* **DATA TO USE**:
◇ ◇ ◇ ◇ ◇ ◇ ◇

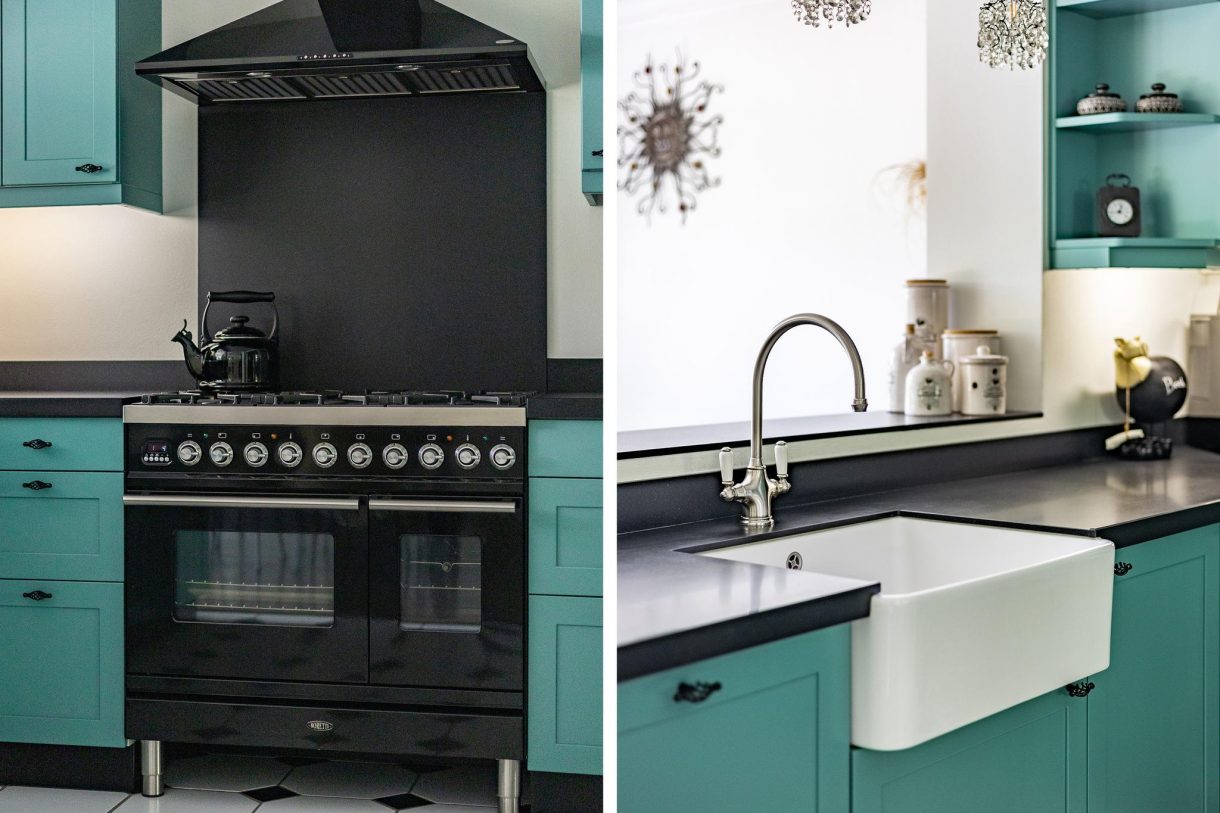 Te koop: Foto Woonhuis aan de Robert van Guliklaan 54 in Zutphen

◇ ◇ ◇ ◇ ◇ ◇ ◇

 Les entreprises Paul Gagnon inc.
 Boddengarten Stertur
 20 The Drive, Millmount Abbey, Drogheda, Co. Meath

◇ ◇ ◇ ◇ ◇ ◇ ◇

Retype only this portion of the data above: the line containing "Les entreprises Paul Gagnon inc.", the line containing "20 The Drive, Millmount", and all lines between them, exactly.

 Les entreprises Paul Gagnon inc.
 Boddengarten Stertur
 20 The Drive, Millmount Abbey, Drogheda, Co. Meath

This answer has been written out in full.